Delaunay-Triangulation-Based Learning with Hessian Total-Variation Regularization
Mehrsa Pourya, Alexis Goujon, Michael Unser

TL;DR
This paper introduces a novel CPWL function learning method based on Delaunay triangulation and Hessian total variation regularization, offering an interpretable and stable alternative to neural networks for regression tasks.
Contribution
It proposes a triangulation-based CPWL learning framework with HTV regularization, providing stability, interpretability, and controlled complexity in regression models.
Findings
Effective in low-dimensional scenarios
Controls model complexity with a single hyperparameter
Validates approach through experimental results
Abstract
Regression is one of the core problems tackled in supervised learning. Rectified linear unit (ReLU) neural networks generate continuous and piecewise-linear (CPWL) mappings and are the state-of-the-art approach for solving regression problems. In this paper, we propose an alternative method that leverages the expressivity of CPWL functions. In contrast to deep neural networks, our CPWL parameterization guarantees stability and is interpretable.
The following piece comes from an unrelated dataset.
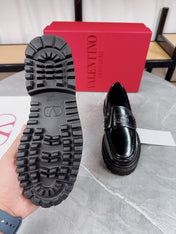 VALENTINO 26S PLATFORM LOAFERS IN BLACK CALFSKIN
Our approach relies on the partitioning of the domain of the CPWL function by a Delaunay triangulation. The function values at the vertices of the triangulation are our learnable parameters and identify the CPWL function uniquely. Formulating the learning scheme as a variational problem, we use the Hessian total variation (HTV) as regularizer to favor CPWL functions with few affine pieces. In this way, we control the complexity of our model…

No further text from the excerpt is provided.